[Start of Attachment]
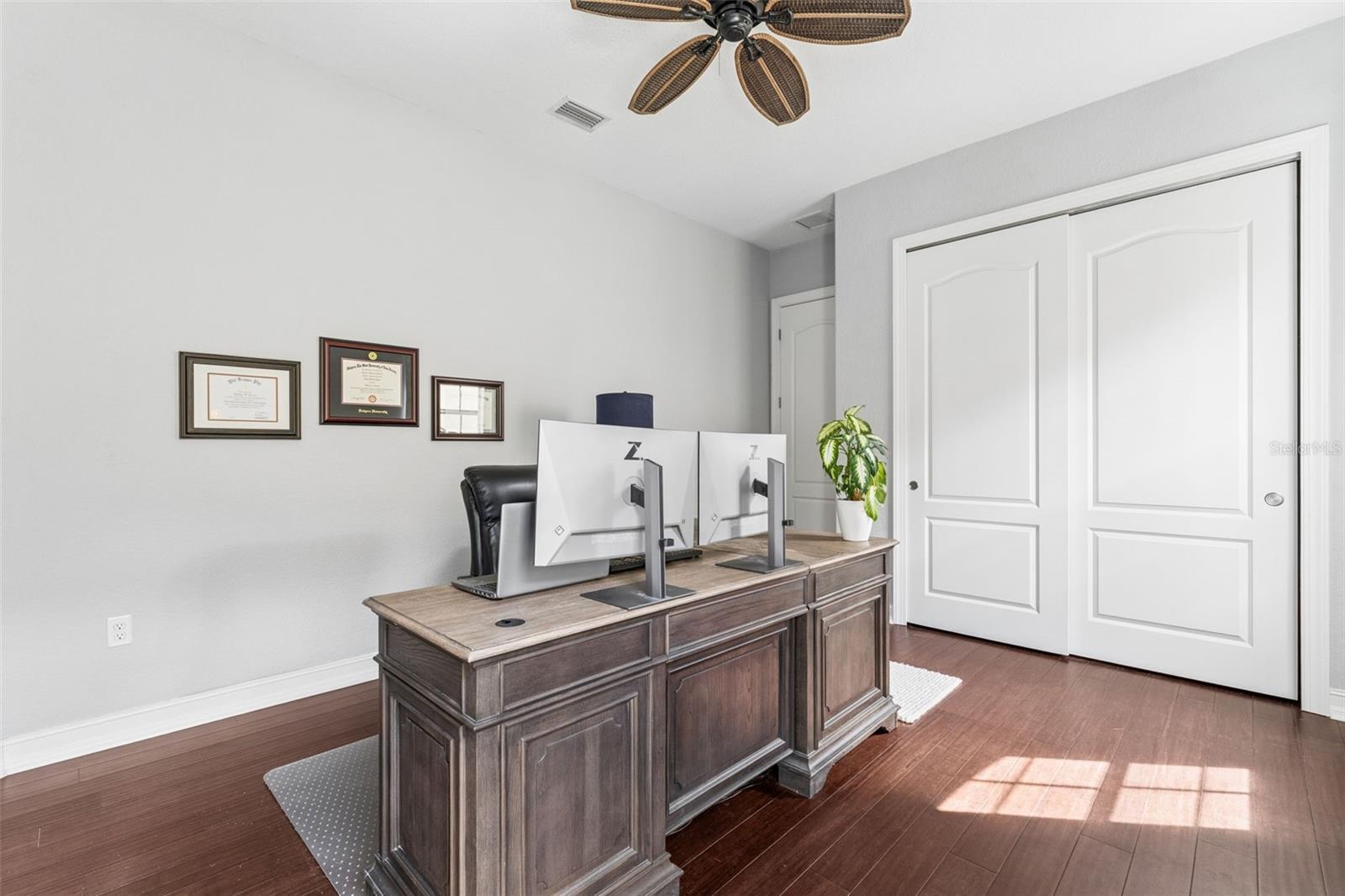 Listing photo id 44 for 9845 Hatton Circle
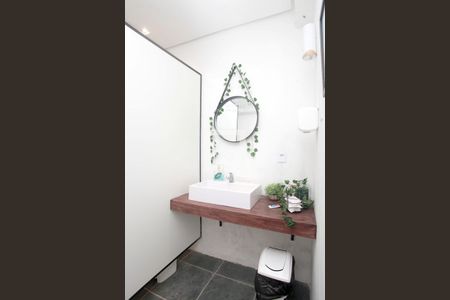 Casa à venda com 647m², 3 quartos e 5 vagasBanheiro 2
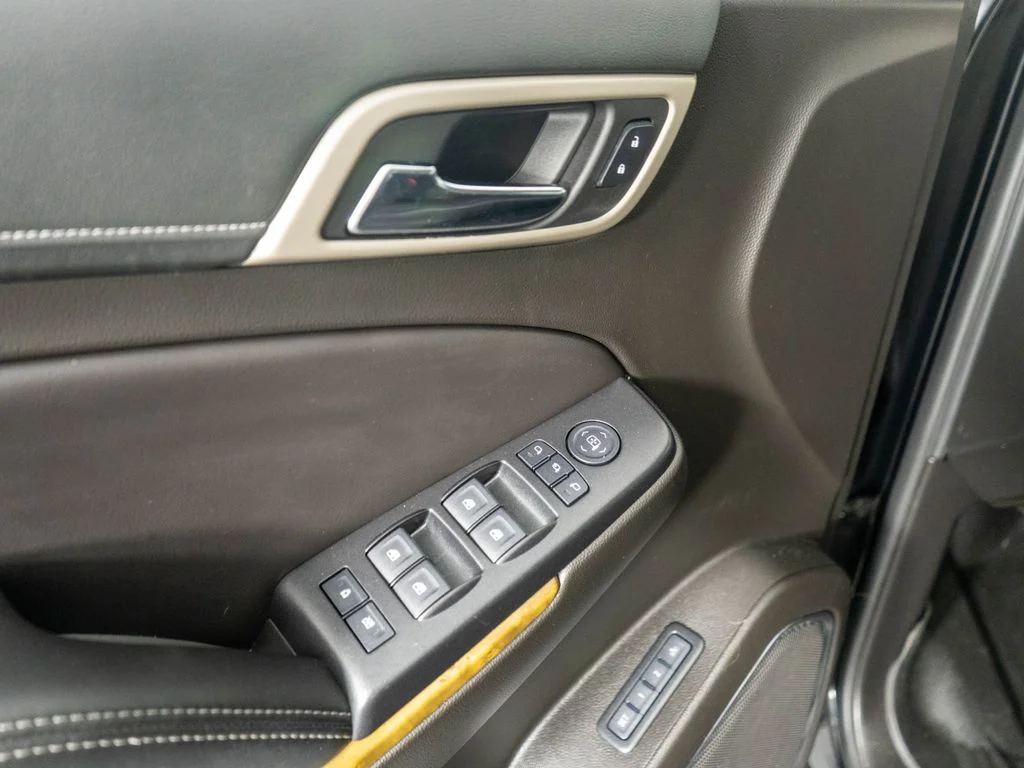 Used 2017 Black GMC Denali image 27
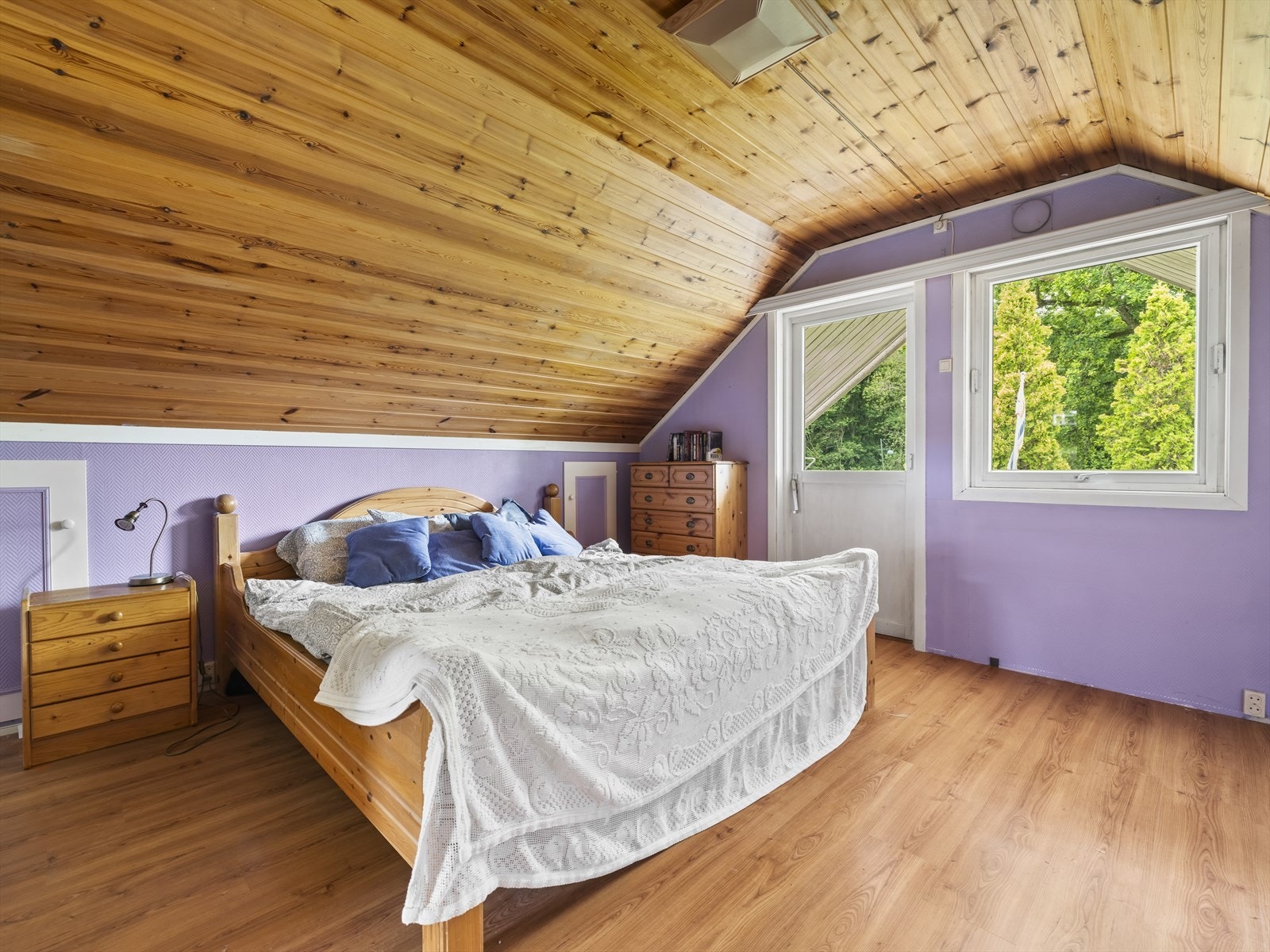 Romslig hovedsoverom med utgang til balkong Galleribilde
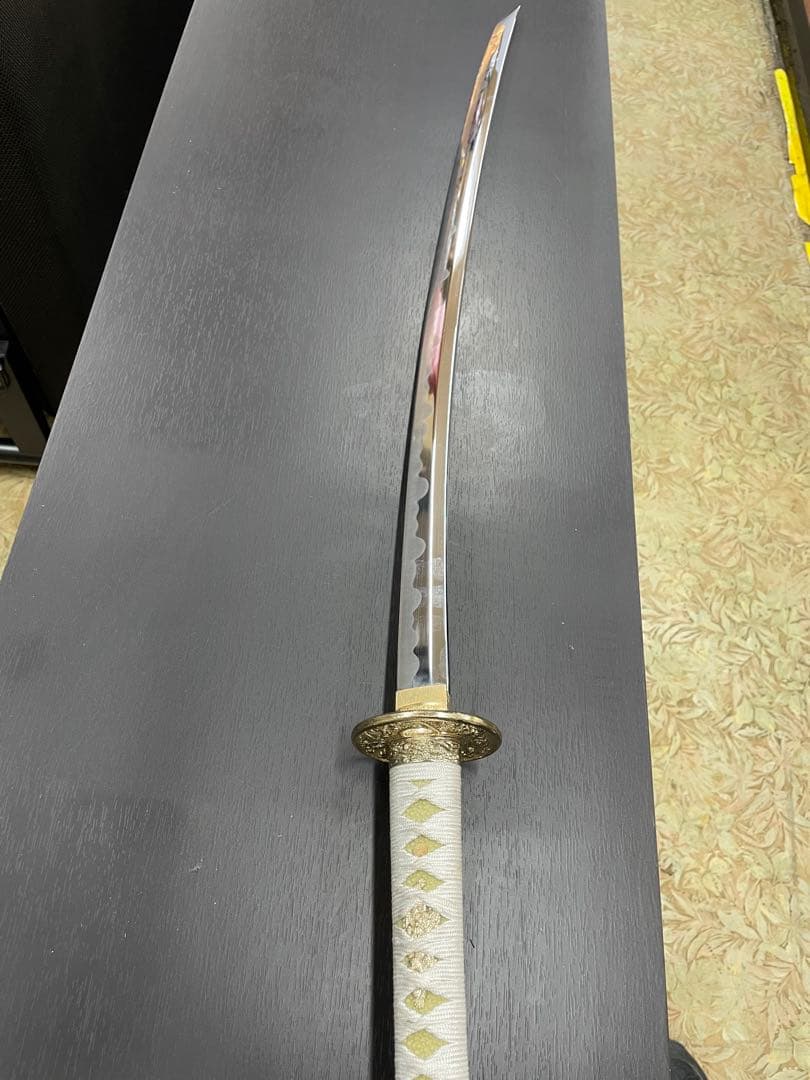 湾曲刃の美しい刀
[End of Attachment]
**WHAT IS BEING ASKED**
Copy exactly, and copy nothing else: the lines from the one containing "Casa à venda" through the end of the data, both ends included, with pictures left out.

**RESULT OF THE EXERCISE**
 Casa à venda com 647m², 3 quartos e 5 vagasBanheiro 2
 Used 2017 Black GMC Denali image 27
 Romslig hovedsoverom med utgang til balkong Galleribilde
 湾曲刃の美しい刀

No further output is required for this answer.